## What the task requires
Restate every line below word for word, but drop each picture.

## Dataset extract
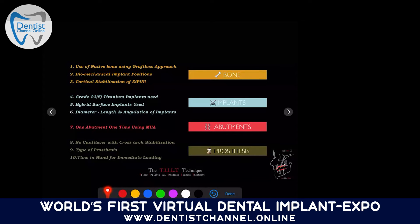In prosthetics, we don't believe in cantilevers — unlike conventional all-on-4. The prosthesis must have cross-arch stabilization. We don't do denture temporization in the initial phase. For loading timing, many doctors ask about the minimum or maximum time for immediate loading — whether 24 hours, 72 hours, or beyond — we'll be discussing that. All our cases are finished within one week, and after the first day of surgery we never inject the patient again.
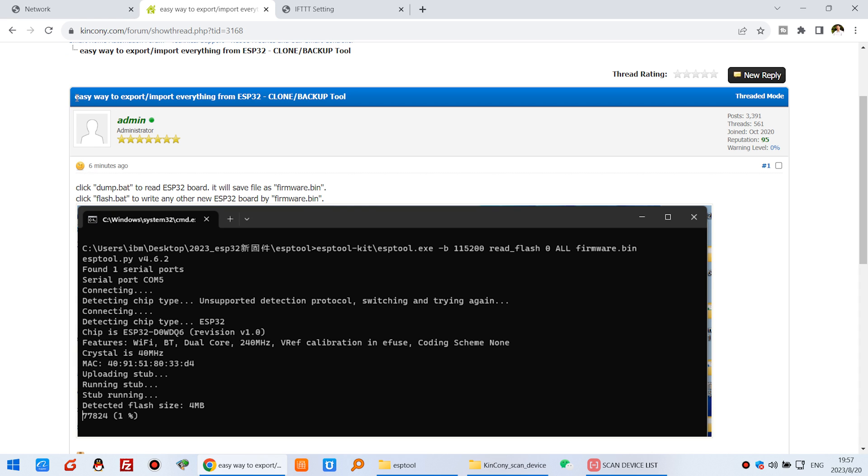Okay this is the easiest way to backup or clone your ESP32 module. Thank you. Thanks for watching.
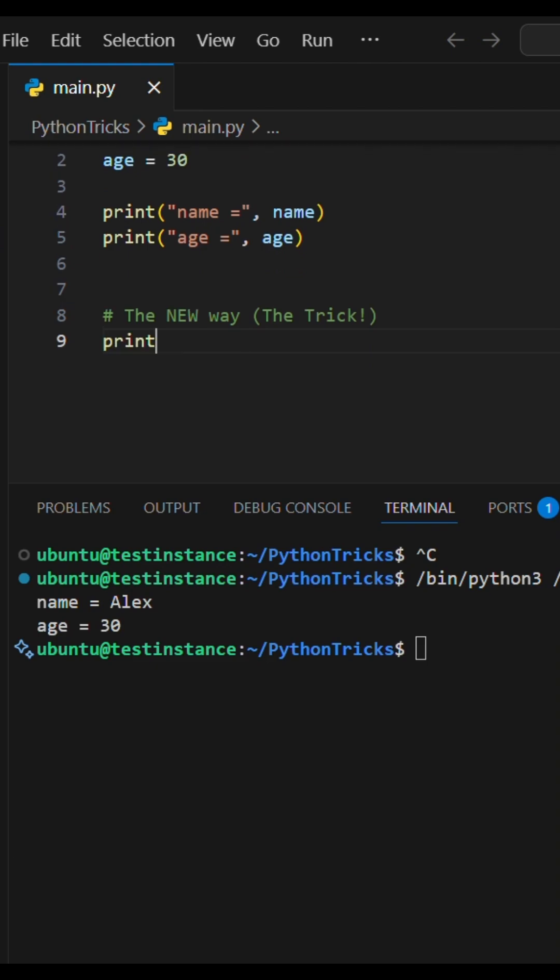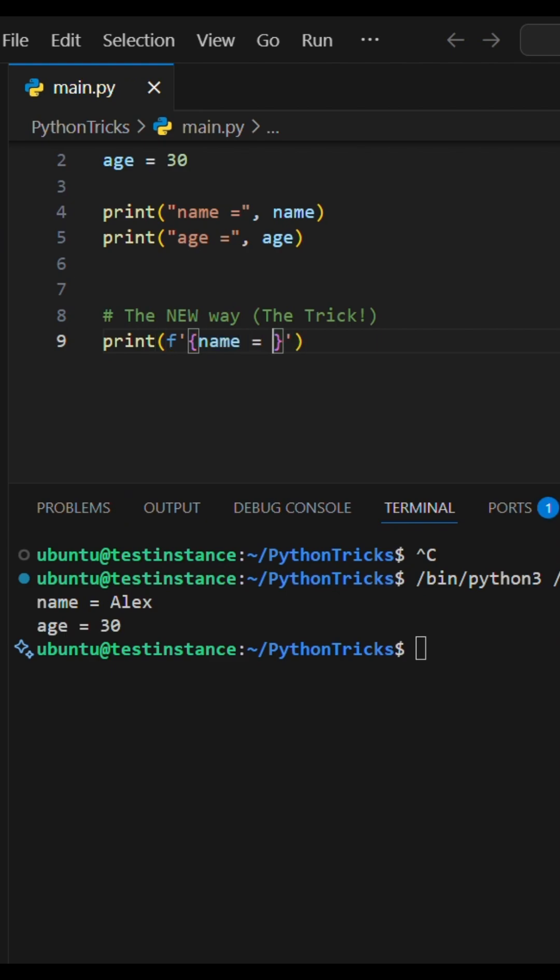In the print statement, just type f, single quotes, and in curly brackets, the variable name.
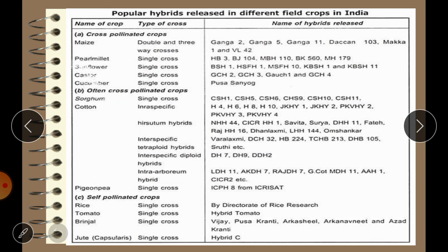Some popular examples of hybrids released in India include: in maize, double and three-way cross hybrids such as Ganga 2, Ganga 5, Ganga 11, and Deccan; in pearl millet, HB3 and BJ104; in sunflower, single crosses such as BCSH1; in sorghum, CSH1 and CSH5; and in cotton, H4, H6, H8, and H10.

## Problem solution
In prosthetics, we don't believe in cantilevers — unlike conventional all-on-4. The prosthesis must have cross-arch stabilization. We don't do denture temporization in the initial phase. For loading timing, many doctors ask about the minimum or maximum time for immediate loading — whether 24 hours, 72 hours, or beyond — we'll be discussing that. All our cases are finished within one week, and after the first day of surgery we never inject the patient again.
Okay this is the easiest way to backup or clone your ESP32 module. Thank you. Thanks for watching.
In the print statement, just type f, single quotes, and in curly brackets, the variable name.
Some popular examples of hybrids released in India include: in maize, double and three-way cross hybrids such as Ganga 2, Ganga 5, Ganga 11, and Deccan; in pearl millet, HB3 and BJ104; in sunflower, single crosses such as BCSH1; in sorghum, CSH1 and CSH5; and in cotton, H4, H6, H8, and H10.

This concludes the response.